Question

Suppose you make an investment of $1000 that you are not allowed to cash for 50 years. Unfortunately, the value of the investment decreases by 10% per year. How long will it be before your investment decreases to half its original value?

Answer 1

Logarithms

It will decrease to half its original value after 7 years.

Step-by-step explanation

The value of the investment decreases by 10% per year. This means that it will remain at 90% of its previous year's value.

The 90% of any value is found by multiplying the percentage divided by 100:

`(90)/(100)=0.9`

Step 1- writing an equation of the situation

We have that after 1 year the value of the investment will be given by the 90% of $1000. This is:

`1000\cdot0.9`

After 2 years, it will be the 90% of the last value:

`1000\cdot0.9\cdot0.9=1000\cdot0.9^2`

After 3 years, it will be the 90% of the last value:

`1000\cdot0.9^2\cdot0.9=1000\cdot0.9^3`

After 4 years, it will be the 90% of the last value:

`1000\cdot0.9^3\cdot0.9=1000\cdot0.9^4`

...

we can see a relation between the exponent of 0.9 and the years that have passed.

After n years, it will be

`1000\cdot0.9^n`

We want to find when the value decreases to half its original value.
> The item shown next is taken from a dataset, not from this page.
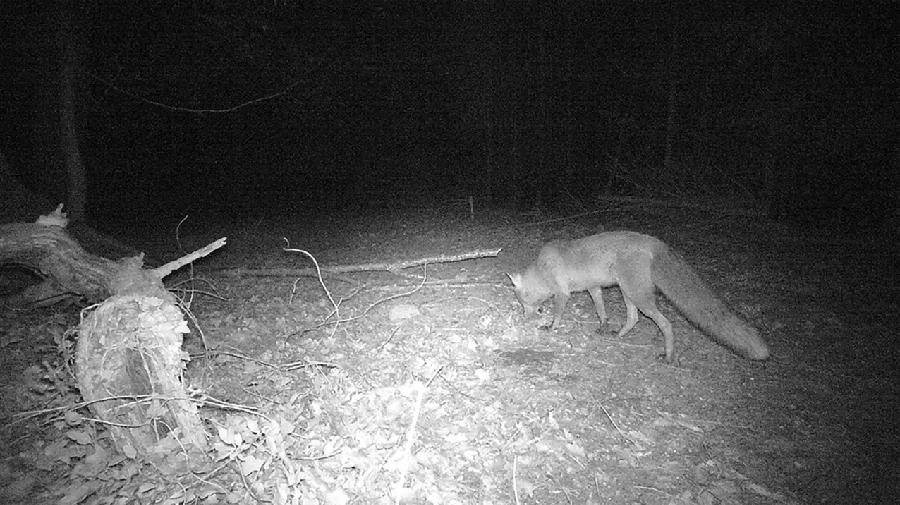 Wildkamera-Aufnahme bei Nacht von einem Fuchs im Gras.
Since

1000/2 = 500

then, we want to find the number of the year n when the value if 500:

`\begin{gathered} 1000\cdot0.9^n=500 \\ \downarrow \\ n=\text{?} \end{gathered}`

Step 2 - solving the equation for n

In order to find the year when the value is at half the original, we must solve the equation for n.
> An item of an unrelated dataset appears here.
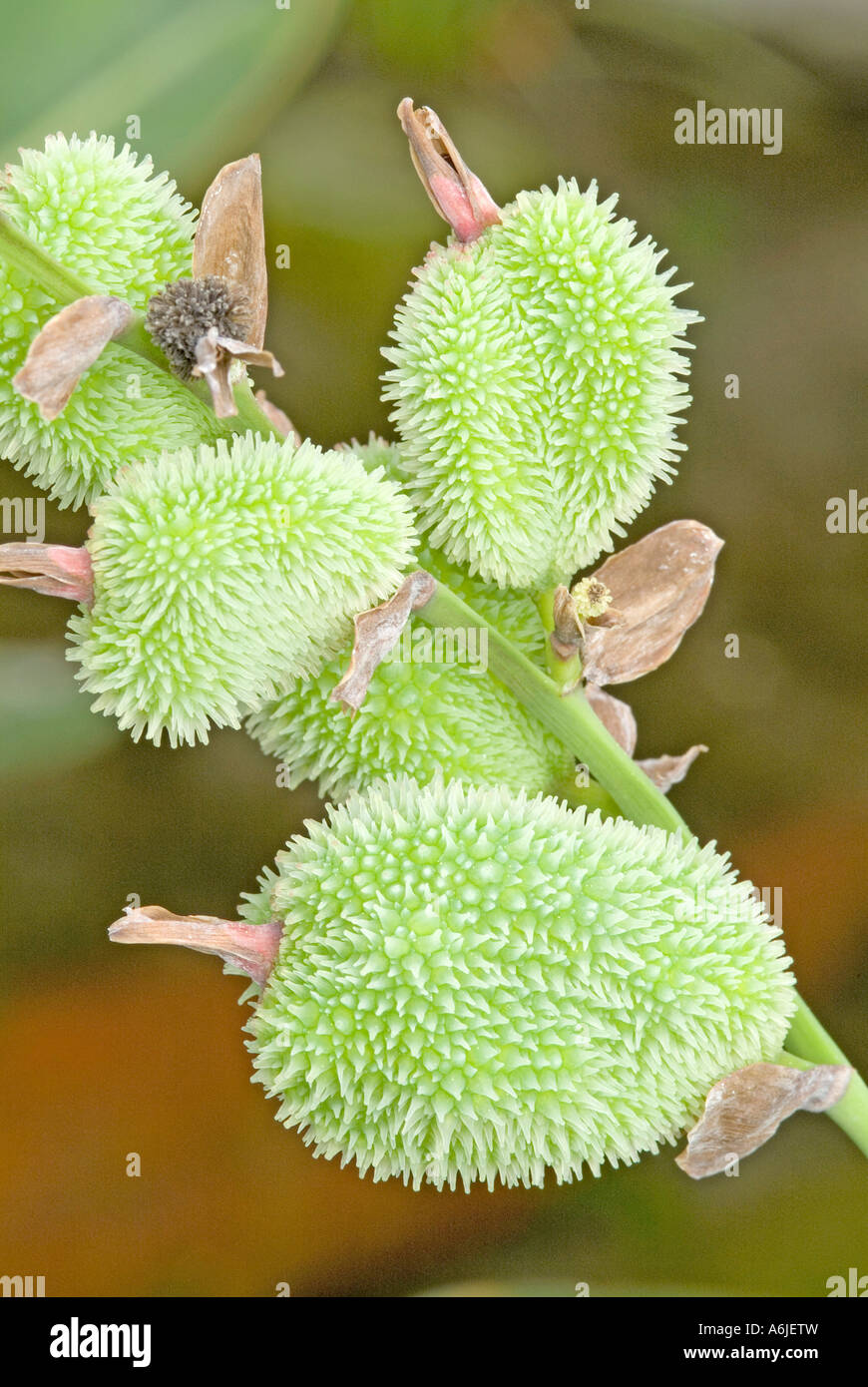 Coco Yam, Dasheen, Taro (Colocasia esculenta), fruit Stock Photo Alamy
First, we take 1000 to the right side:

`\begin{gathered} 1000\cdot0.9^n=500 \\ \downarrow\text{ dividing both sides by 1000} \\ (1000\cdot0.9^n)/(1000)=(500)/(1000) \\ 0.9^n=(500)/(1000) \\ \downarrow\text{ since }(500)/(1000)=0.5 \\ 0.9^n=0.5 \end{gathered}`

We want to "leave n alone" on one side of the equation, in order to do it we use logarithm.
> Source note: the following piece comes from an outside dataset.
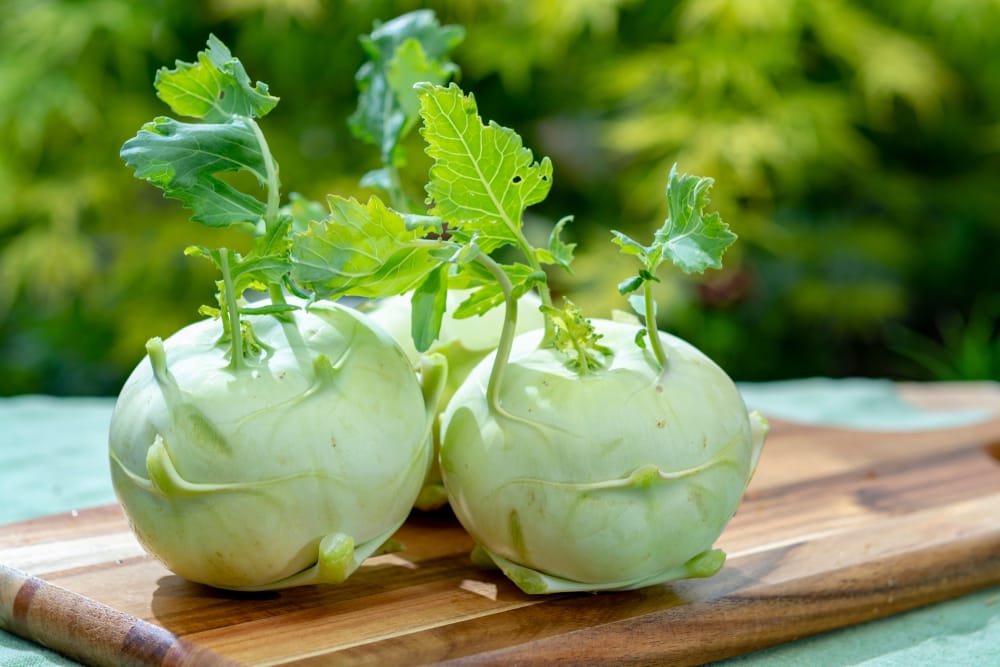 kohlrabi uses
Let's remember the relation between logarithms and exponentials:

`b^c=a\rightleftarrows\log _ba=c`

Then, in this case:

`0.9^n=0.5\rightleftarrows\log _(0.9)0.5=n`

Using the calculator, we have:

`\log _(0.9)0.5=6.5788`

If we round the answer we will have that

`\log _(0.9)0.5=6.5788\approx6.6\approx7`

Then, n = 7

Therefore, after 7 years the investment decreases to half its original value.